The machined aluminum bushing has an inner lip to keep the TranTorque from slipping in too far, and an external lip to register against the end of the drawbar. Here's the whole assembly in my Hardinge:




Quickly and easily adjustable. I made up a couple 1/2" shafts to cover various length parts so I don't have the stop rod sticking too far out the spindle.

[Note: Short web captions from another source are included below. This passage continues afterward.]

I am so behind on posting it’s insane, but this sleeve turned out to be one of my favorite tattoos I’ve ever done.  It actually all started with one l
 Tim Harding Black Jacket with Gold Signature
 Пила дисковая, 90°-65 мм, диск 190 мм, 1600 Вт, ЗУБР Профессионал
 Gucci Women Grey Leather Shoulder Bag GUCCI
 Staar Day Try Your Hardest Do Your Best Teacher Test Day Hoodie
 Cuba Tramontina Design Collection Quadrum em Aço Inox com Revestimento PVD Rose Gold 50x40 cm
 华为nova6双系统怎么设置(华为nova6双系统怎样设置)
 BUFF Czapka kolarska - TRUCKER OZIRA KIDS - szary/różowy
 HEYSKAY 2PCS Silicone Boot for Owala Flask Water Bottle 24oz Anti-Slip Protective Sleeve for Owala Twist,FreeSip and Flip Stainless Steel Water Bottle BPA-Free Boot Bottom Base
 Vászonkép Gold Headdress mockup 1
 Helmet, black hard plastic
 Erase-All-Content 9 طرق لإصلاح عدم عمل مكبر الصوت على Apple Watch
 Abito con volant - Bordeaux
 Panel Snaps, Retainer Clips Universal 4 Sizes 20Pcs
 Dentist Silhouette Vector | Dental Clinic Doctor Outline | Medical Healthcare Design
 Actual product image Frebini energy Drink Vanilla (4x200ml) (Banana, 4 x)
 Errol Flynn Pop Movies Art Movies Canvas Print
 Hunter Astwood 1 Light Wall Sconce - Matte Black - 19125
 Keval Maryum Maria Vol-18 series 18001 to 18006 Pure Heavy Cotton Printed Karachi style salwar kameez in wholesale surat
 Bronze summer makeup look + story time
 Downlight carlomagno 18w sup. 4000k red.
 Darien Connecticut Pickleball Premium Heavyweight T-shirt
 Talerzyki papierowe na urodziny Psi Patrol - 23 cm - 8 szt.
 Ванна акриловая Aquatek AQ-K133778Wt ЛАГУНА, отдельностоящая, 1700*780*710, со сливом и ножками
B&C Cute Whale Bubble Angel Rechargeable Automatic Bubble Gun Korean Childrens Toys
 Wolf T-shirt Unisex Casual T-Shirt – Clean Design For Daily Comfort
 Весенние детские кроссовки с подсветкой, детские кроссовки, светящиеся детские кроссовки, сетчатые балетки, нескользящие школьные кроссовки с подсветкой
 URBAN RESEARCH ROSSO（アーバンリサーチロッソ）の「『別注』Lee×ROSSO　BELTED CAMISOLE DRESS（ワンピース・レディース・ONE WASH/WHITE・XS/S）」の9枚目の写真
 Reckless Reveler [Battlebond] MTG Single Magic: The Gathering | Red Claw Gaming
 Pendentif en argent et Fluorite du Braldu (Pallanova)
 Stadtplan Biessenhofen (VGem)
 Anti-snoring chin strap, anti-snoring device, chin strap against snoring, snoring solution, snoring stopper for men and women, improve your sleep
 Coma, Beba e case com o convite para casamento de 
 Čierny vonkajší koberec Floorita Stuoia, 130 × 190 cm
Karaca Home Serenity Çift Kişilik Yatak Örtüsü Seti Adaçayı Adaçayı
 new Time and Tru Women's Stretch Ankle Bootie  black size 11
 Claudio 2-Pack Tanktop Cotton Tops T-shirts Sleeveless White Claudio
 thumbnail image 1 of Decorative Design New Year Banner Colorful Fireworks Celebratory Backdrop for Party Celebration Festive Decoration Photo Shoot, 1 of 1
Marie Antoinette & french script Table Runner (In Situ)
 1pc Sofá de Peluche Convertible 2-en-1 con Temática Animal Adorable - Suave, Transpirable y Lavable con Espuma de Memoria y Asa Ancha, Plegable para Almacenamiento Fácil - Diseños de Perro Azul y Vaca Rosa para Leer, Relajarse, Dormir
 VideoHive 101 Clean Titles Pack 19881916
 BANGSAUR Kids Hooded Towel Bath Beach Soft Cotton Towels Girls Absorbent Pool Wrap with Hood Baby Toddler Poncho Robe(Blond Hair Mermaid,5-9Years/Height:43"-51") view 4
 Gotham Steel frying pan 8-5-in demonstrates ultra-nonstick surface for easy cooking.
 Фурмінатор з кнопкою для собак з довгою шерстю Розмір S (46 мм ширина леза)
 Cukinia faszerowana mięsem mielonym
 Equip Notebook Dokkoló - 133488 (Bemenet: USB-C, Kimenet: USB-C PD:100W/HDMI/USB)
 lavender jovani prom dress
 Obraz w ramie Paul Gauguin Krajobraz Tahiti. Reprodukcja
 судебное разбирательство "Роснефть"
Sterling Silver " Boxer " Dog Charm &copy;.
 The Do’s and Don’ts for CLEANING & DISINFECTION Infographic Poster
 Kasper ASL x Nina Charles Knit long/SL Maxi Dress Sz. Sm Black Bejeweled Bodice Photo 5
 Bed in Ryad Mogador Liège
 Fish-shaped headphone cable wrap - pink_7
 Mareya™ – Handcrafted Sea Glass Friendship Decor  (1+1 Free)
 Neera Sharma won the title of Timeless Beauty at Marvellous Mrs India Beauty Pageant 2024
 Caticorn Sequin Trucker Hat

The longer rods have a collar fitted to help keep the end of the stop rod centralized in the tube.

Being as the Hardinge allows a collet in the spindle along with a chuck, I've used a rod in a 1/2" 5C collet when I need a stop for short chuck work.
When I finally get another engine lathe, I'll make another one of these to fit the spindle directly in addition to this one for collet work.

This TranTorque bushing was sourced from eBay for about $25 with shipping, it retails for something over $50. It fits a 7/8 bore and 1/2" shaft.
Also bought a larger one for the eventual direct spindle stop, with a 1-1/4" OD, 3/4 shaft.


Jon


----------



## joeuhlik (Mar 9, 2013)

Cool idea and applicable to almost any lathe.  You've inspired me to do something similar with my Webb lathe.  Thanks for the post!


----------



## uncle harry (Mar 3, 2014)

joeuhlik said:


> Cool idea and applicable to almost any lathe.  You've inspired me to do something similar with my Webb lathe.  Thanks for the post!



Having used many Trantorque bushings in the past, I also acquired one for the head stock spindle of my South Bend 9A. My intent is to use it as an indexing disk mounting method for making engraved machine dials for some of my machines. I never thought of using it as a quill stop.  Great idea...Thanks guys.


----------